• How to complete this task:
What is needed is an exact copy of the lines from the one containing "Nude lace criss cross bodysuit" through the last line of the records, with no pictures.

• Image-text web data:
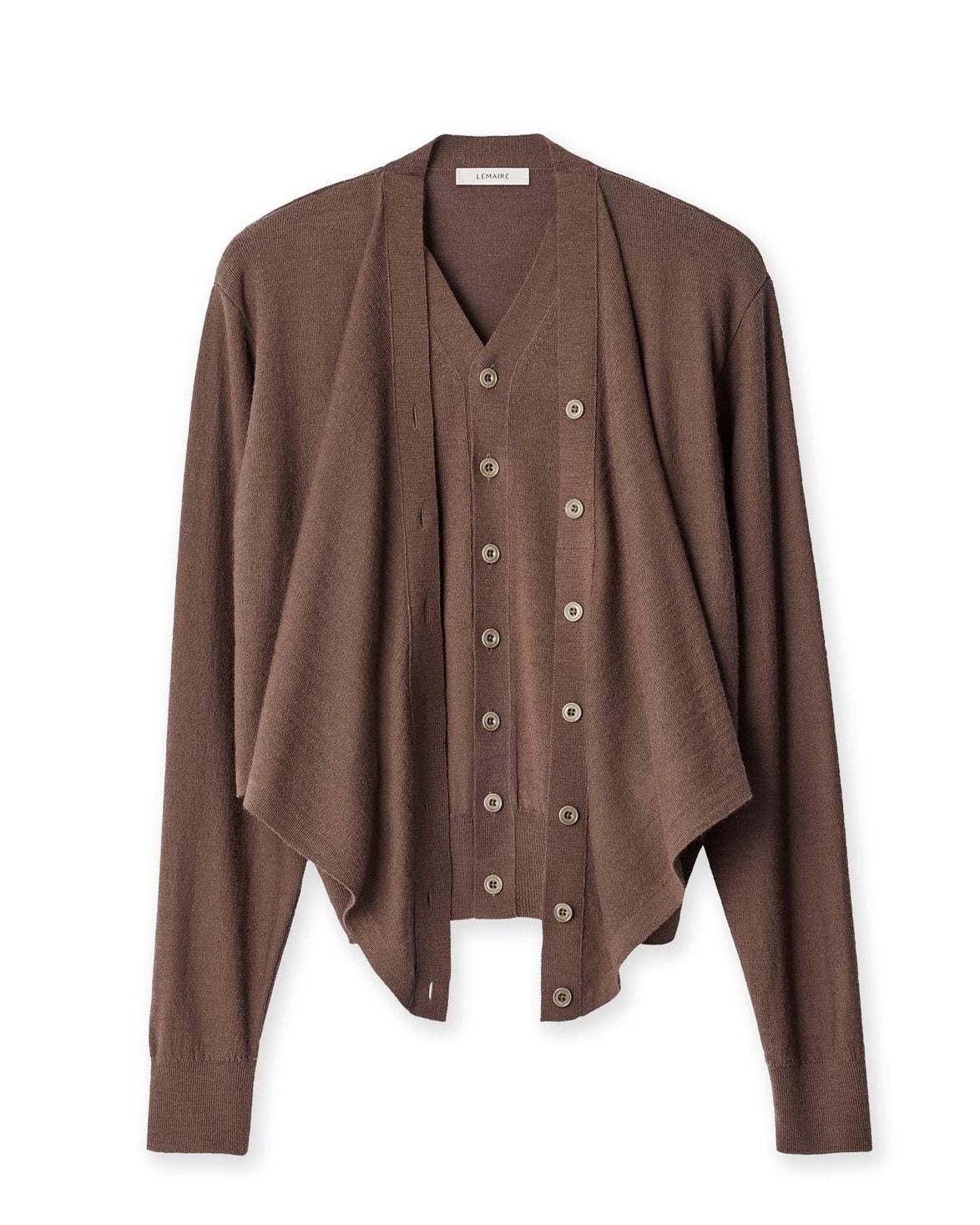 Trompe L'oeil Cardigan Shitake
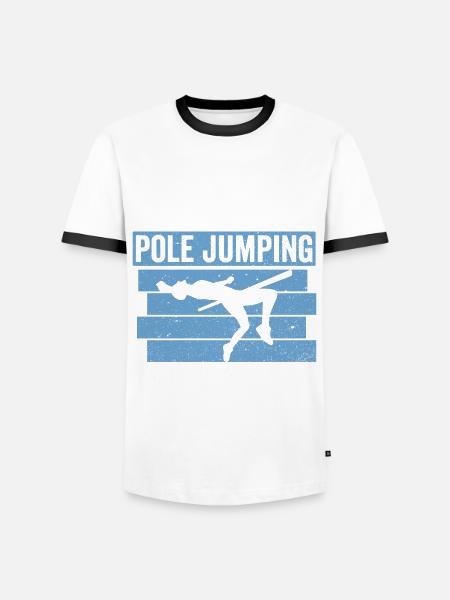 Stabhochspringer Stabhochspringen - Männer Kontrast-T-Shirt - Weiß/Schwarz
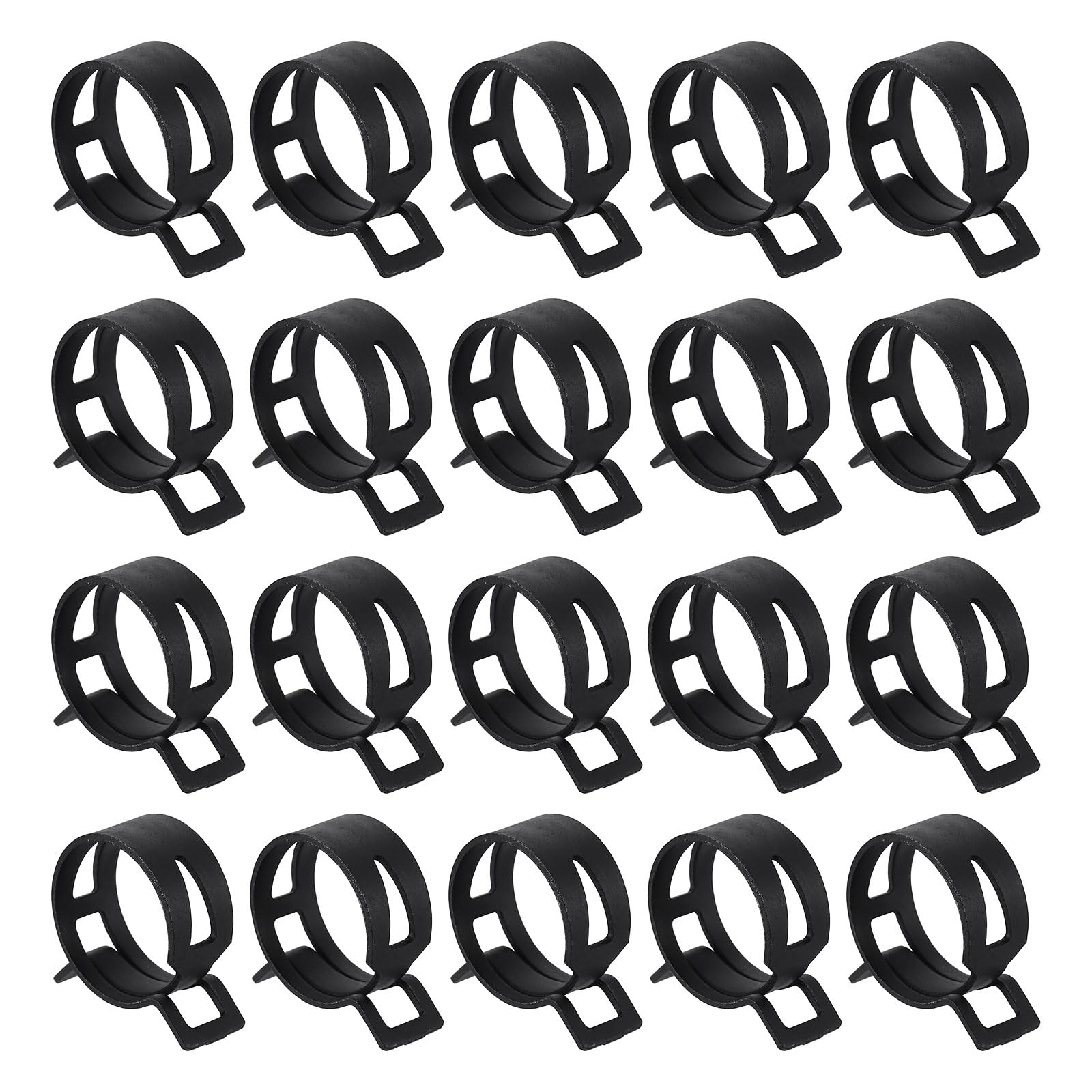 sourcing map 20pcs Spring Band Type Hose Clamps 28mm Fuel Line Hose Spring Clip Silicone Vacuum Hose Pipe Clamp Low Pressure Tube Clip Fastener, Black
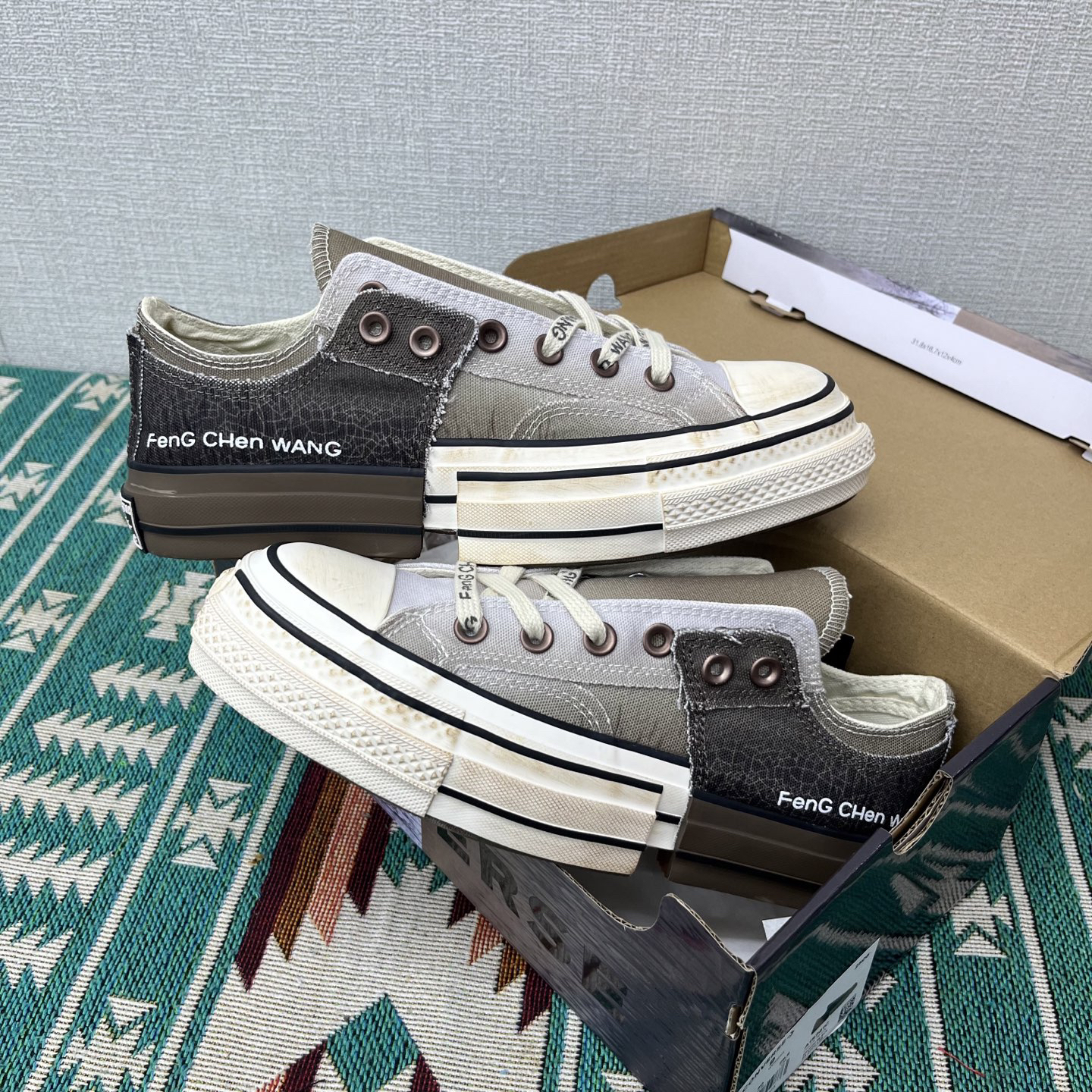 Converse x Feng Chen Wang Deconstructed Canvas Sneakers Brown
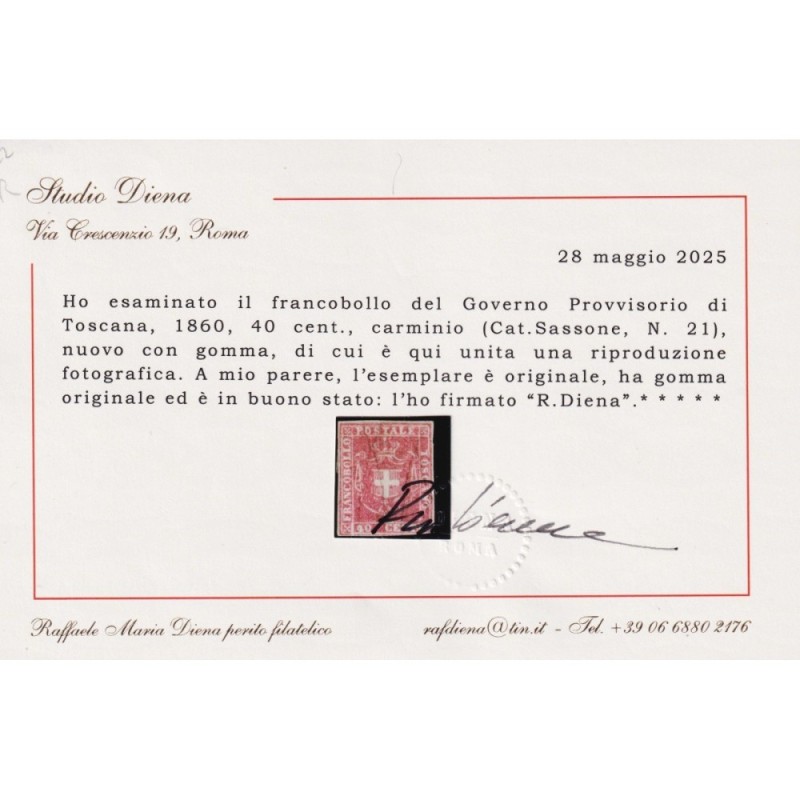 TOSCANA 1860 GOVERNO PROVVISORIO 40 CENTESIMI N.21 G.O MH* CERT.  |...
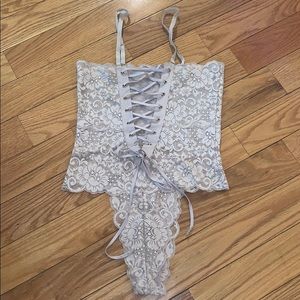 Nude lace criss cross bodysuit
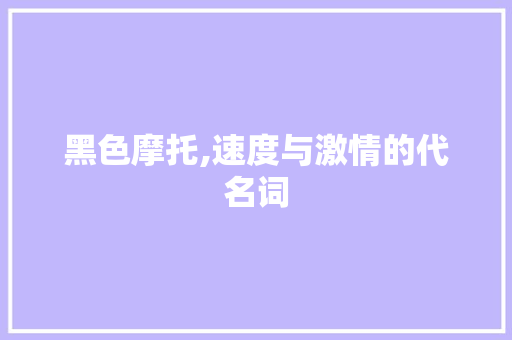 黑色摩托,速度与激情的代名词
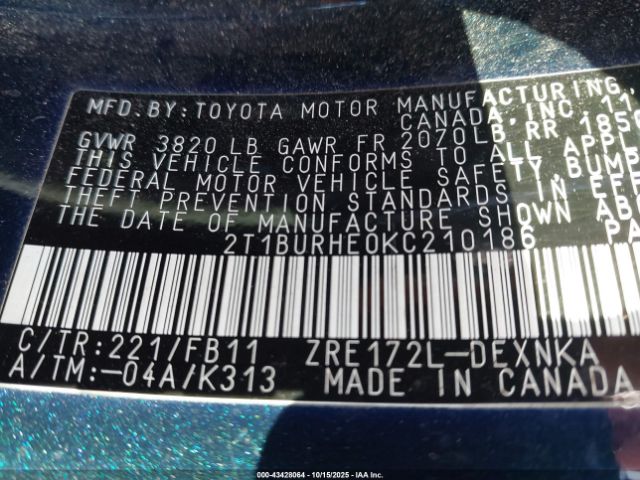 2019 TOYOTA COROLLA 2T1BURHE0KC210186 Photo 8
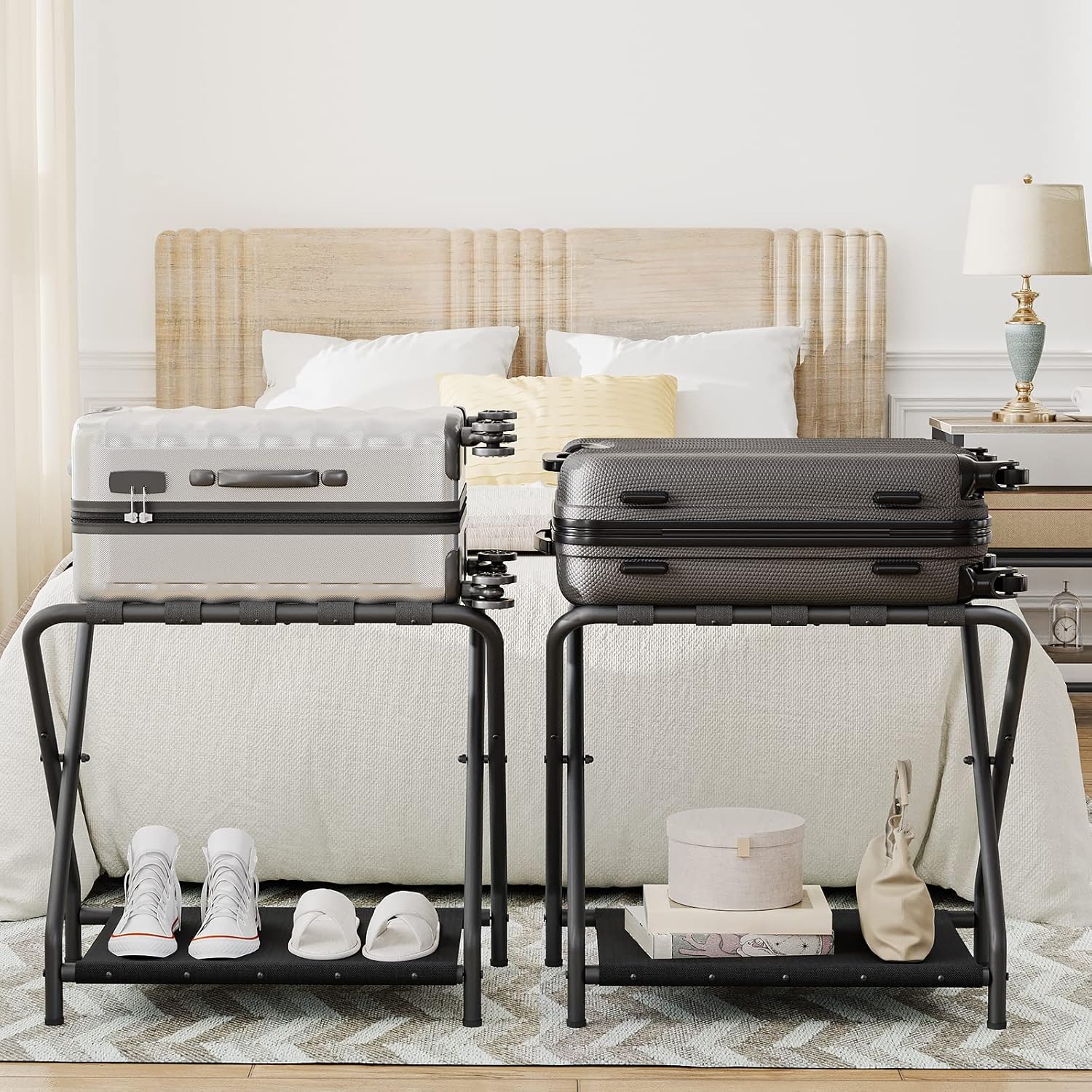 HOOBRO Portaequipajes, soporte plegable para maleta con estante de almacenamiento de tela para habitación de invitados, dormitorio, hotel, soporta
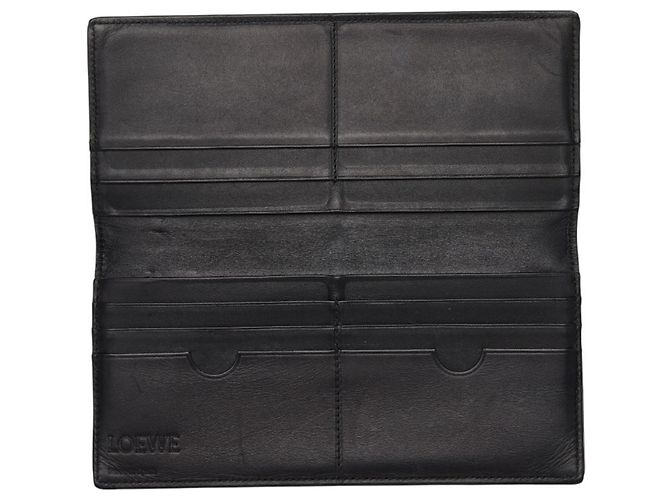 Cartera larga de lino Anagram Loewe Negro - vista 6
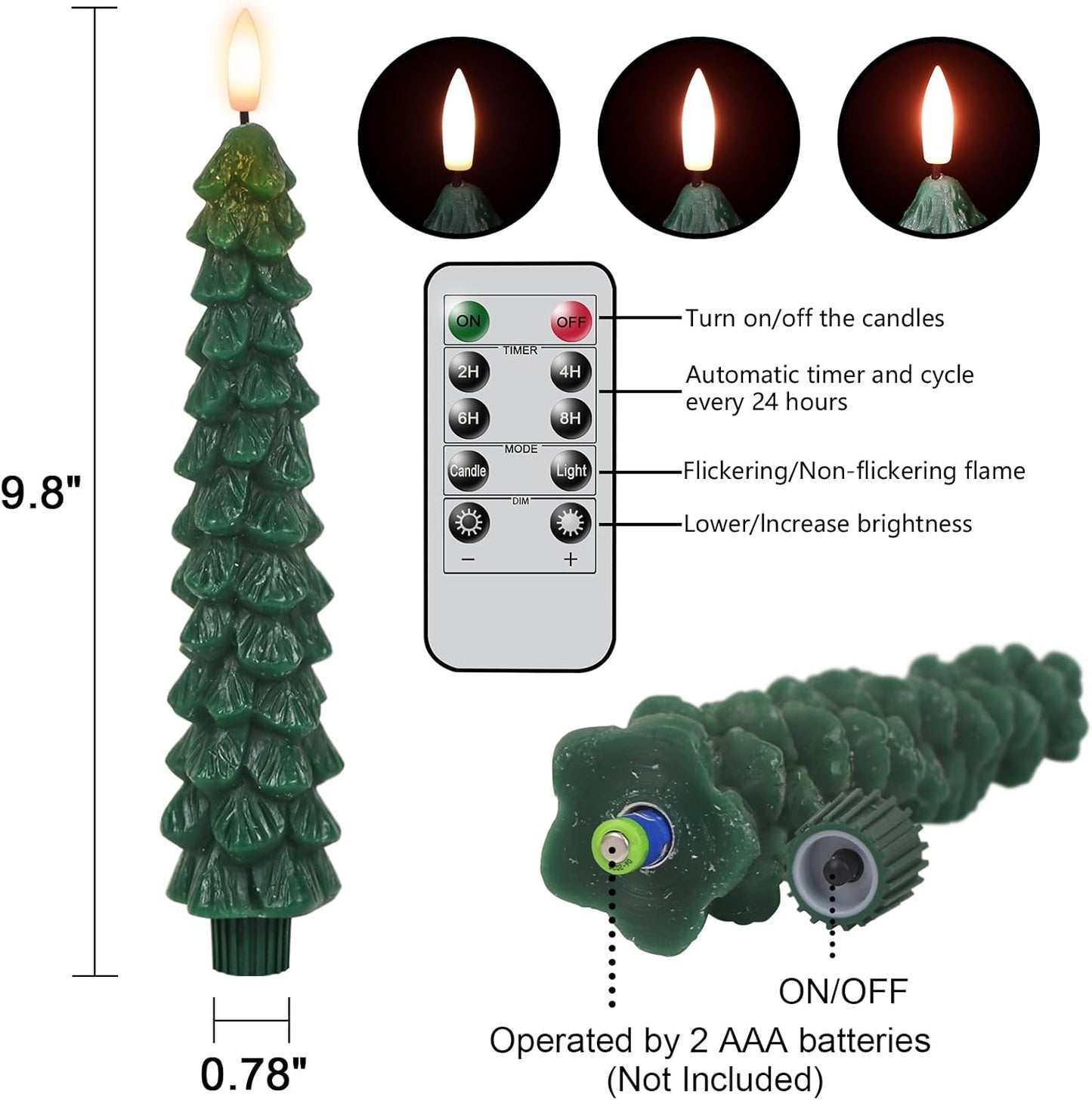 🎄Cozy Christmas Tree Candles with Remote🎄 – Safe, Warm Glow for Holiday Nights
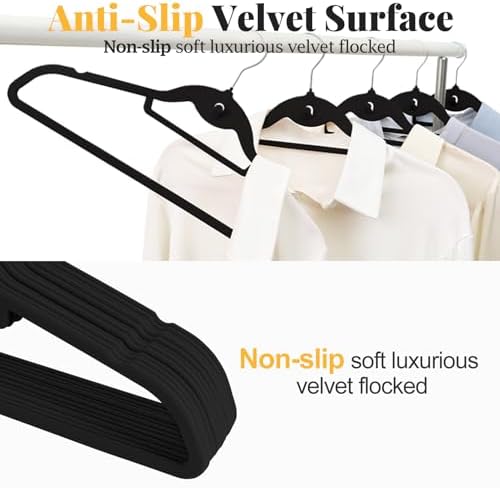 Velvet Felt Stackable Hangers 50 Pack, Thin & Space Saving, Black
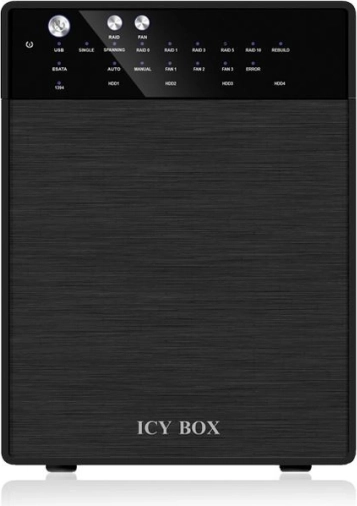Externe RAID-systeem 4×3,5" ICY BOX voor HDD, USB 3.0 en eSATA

• Exercise result:
 Nude lace criss cross bodysuit
 黑色摩托,速度与激情的代名词
 2019 TOYOTA COROLLA 2T1BURHE0KC210186 Photo 8
 HOOBRO Portaequipajes, soporte plegable para maleta con estante de almacenamiento de tela para habitación de invitados, dormitorio, hotel, soporta
 Cartera larga de lino Anagram Loewe Negro - vista 6
 🎄Cozy Christmas Tree Candles with Remote🎄 – Safe, Warm Glow for Holiday Nights
 Velvet Felt Stackable Hangers 50 Pack, Thin & Space Saving, Black
Externe RAID-systeem 4×3,5" ICY BOX voor HDD, USB 3.0 en eSATA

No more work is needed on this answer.